Unlike season 2, this season of Hidamari Sketch moves forward in time and introduces two new characters: Nazuna and Nori. While it takes some time for the show to really flesh them out as part of the cast, they are only marginally interesting in the show. Mostly I found that Nori was energetic and outgoing, Miyako's niche, and that Nazuna was shy and introverted, like Yuno except more moeblob. It's difficult to add characters to ensemble casts like Hidamari Sketch in the third season because everyone else has firmly staked their positions. Regardless, two more characters do a little bit to introduce some fresh air into a show that's might have begun to run out of steam after two seasons.

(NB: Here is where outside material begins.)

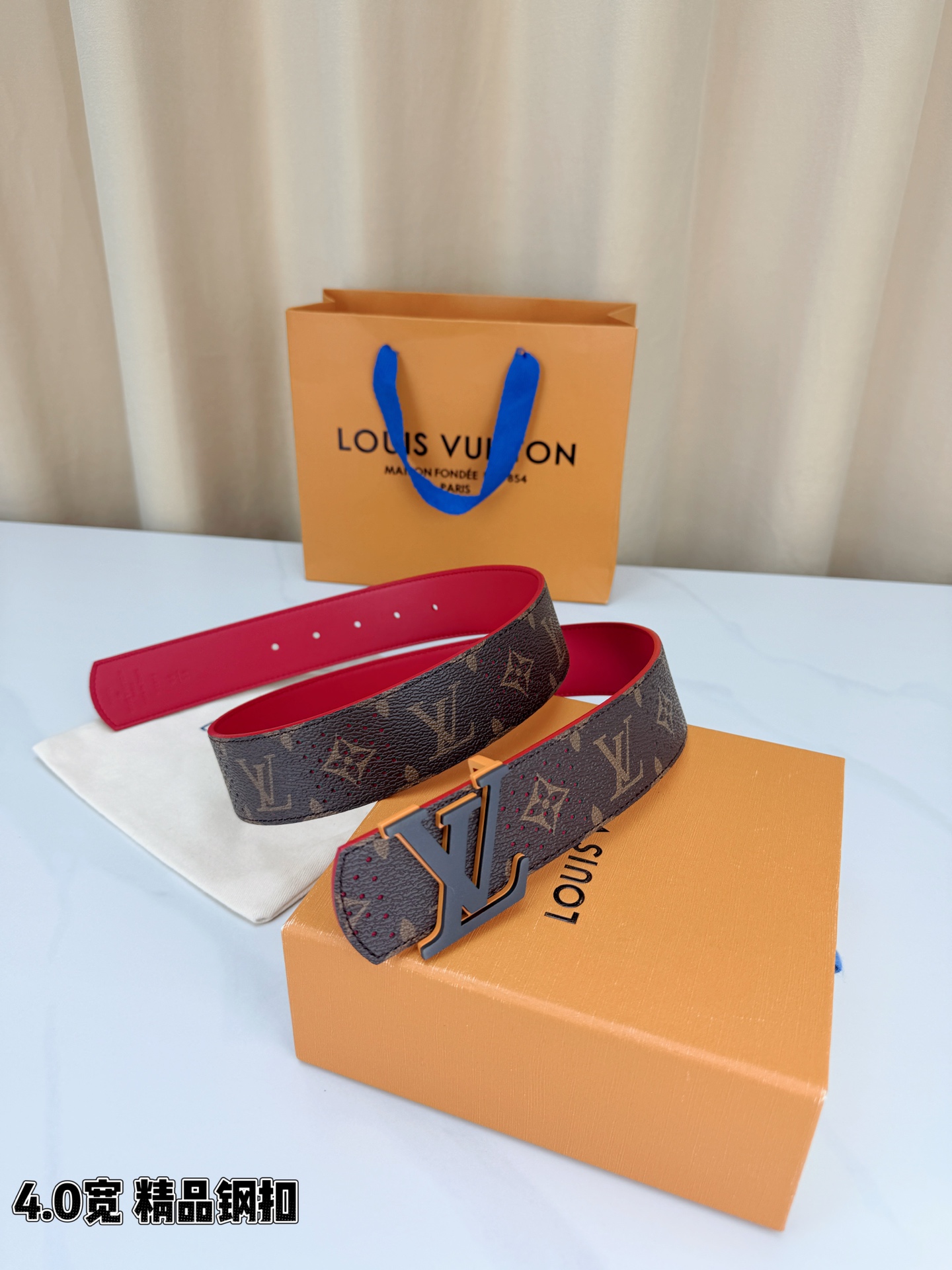 LV 4.0宽精品钢扣 穿孔老花橙边LV扣腰带，Monogram涂层帆布打孔工艺透气别致，立体LV字母扣哑黑描橙撞色吸睛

Besides that, there's not much else new in Hidamari Sketch. Everything we know and love is back, more or less, and even improved. The ever-lovable Yoshinoya-sensei has tons of screen time and is unflappably entertaining each time, going with her crazy classroom antics and getting scolded by the old principal. There's an episode set two years ago about the old tenants Misato and Riri before they graduated and were replaced by Yuno and Miyako. Time capsule episodes are a really fun aspect of Hidamari Sketch. Sae's ridiculously cute little sister, Chika, makes an appearance or two this season as well. The landlady has more lines and is much more visible this season as well. Overall, the main structure of focusing around the antics of the main cast and occasionally involving minor characters is preserved.

The writing is rather mundane. I swear that half the episodes end with just the girls eating dinner. Despite this, I can't really think of anything bad to say about it. Sure, it's lacks the epic grandness of a modern literary manifesto but that's not what Hidamari Sketch wants to do. This season was pretty entertaining, and the dialogue feels natural. It helps that the voice acting is very talented as well.

The animation is what you would expect from SHAFT: crisp and unconventional. The show is very cheerful with bright colors and abstract geometric themes in the art and backgrounds. There's a slight desaturated look and the alpha is pretty high, but the resulting effect is pretty cool.

As with the other seasons, the opening theme is sung by the cast while the ending theme is sung by marble. Nothing spectacular really, but I like the ending theme. The scoring is pretty much what we've seen for two seasons already. The unique, cartoony, minimalist soundtrack fits into the background of the show. Mizuhashi Kaori is ridiculously good as Miyako, and Goto Yuko's voice for Hiro is pretty recognizable for fans of The Melancholy of Suzumiya Haruhi.

Overall, give this show a watch if you liked the other two seasons. It's not really something to marathon; it took me 85 days to watch 13 episodes. Nothing new, but why fix what isn't broken?